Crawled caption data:
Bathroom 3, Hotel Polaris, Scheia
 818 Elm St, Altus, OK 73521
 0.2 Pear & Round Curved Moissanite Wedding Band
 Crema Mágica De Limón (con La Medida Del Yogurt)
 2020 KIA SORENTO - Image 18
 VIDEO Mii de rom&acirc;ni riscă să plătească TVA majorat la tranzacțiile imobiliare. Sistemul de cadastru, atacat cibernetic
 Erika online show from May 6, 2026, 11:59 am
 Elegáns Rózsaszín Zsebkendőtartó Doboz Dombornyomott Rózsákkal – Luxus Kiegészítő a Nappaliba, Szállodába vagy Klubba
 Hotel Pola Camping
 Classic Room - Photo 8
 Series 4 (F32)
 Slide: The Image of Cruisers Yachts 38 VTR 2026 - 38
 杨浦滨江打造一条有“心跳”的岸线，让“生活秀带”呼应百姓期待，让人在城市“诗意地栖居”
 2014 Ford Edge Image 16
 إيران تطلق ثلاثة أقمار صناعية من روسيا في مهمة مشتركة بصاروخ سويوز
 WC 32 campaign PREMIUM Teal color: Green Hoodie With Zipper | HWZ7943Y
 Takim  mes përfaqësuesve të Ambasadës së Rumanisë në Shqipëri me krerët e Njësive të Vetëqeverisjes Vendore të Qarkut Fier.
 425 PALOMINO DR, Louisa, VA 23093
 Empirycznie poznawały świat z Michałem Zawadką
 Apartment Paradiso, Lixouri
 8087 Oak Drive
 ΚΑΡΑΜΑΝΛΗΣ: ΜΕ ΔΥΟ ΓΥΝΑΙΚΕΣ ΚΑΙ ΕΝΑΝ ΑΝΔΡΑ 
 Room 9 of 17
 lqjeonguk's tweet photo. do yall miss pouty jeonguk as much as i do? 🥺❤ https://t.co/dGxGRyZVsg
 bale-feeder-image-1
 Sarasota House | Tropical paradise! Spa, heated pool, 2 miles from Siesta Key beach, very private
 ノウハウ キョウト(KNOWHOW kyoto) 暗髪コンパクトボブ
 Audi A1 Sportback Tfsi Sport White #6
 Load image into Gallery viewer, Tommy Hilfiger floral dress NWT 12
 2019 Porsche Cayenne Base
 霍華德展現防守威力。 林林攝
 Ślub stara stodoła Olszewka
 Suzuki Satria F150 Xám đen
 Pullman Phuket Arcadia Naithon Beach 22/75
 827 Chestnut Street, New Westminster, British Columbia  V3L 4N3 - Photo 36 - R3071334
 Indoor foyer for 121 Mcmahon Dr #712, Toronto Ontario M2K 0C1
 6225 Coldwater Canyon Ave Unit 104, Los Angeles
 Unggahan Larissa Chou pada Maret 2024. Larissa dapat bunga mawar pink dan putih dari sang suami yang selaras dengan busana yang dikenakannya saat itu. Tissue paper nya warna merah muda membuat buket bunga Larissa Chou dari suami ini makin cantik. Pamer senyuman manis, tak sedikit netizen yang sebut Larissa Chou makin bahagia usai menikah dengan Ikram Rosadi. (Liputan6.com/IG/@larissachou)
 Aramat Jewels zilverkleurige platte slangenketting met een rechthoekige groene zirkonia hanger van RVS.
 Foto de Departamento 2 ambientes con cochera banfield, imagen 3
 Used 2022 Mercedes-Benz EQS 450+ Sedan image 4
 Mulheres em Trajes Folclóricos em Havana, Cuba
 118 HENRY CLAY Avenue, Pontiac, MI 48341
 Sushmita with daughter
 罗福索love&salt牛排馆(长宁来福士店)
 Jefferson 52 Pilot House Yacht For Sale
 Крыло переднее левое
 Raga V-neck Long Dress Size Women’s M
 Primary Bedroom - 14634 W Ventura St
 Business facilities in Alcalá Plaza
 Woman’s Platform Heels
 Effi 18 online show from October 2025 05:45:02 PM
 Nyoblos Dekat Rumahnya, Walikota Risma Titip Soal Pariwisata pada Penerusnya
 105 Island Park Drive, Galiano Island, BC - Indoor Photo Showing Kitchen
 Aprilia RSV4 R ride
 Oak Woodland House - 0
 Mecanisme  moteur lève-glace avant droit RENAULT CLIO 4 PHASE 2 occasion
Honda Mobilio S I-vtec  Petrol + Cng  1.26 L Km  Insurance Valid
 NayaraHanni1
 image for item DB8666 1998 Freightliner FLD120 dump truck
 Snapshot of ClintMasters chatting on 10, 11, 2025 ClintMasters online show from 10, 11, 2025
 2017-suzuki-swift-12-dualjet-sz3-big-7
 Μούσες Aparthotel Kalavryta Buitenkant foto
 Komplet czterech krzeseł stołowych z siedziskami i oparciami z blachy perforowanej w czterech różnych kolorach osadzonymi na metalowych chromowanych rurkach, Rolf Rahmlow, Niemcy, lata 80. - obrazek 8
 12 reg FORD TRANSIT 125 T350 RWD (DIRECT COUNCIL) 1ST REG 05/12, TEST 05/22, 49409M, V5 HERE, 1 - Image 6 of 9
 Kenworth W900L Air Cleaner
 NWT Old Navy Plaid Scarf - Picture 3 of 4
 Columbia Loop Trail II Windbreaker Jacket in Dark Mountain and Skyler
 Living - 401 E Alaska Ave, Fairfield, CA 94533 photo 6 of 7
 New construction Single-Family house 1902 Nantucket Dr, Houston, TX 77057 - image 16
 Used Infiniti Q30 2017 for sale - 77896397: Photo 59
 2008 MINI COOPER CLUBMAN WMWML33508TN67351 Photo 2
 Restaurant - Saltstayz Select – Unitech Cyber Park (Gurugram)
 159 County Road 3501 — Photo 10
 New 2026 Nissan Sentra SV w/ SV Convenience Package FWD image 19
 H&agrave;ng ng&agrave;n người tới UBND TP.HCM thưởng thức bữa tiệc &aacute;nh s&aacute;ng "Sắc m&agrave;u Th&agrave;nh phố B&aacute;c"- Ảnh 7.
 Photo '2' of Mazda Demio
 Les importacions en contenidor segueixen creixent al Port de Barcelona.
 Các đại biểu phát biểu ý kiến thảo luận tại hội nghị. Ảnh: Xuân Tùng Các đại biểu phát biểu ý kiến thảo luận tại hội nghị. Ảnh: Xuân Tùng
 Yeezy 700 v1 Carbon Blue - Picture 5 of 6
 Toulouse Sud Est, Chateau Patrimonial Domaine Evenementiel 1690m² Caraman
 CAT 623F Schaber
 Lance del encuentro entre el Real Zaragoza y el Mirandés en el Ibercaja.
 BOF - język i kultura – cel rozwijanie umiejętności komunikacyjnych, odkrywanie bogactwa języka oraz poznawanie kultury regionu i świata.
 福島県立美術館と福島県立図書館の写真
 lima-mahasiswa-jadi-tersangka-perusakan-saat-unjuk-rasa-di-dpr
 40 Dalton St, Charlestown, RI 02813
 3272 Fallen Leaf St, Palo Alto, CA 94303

Exercise objective —
From the records, copy out each line that includes the string "online".

Output of the exercise —
 Erika online show from May 6, 2026, 11:59 am
 Effi 18 online show from October 2025 05:45:02 PM
 Snapshot of ClintMasters chatting on 10, 11, 2025 ClintMasters online show from 10, 11, 2025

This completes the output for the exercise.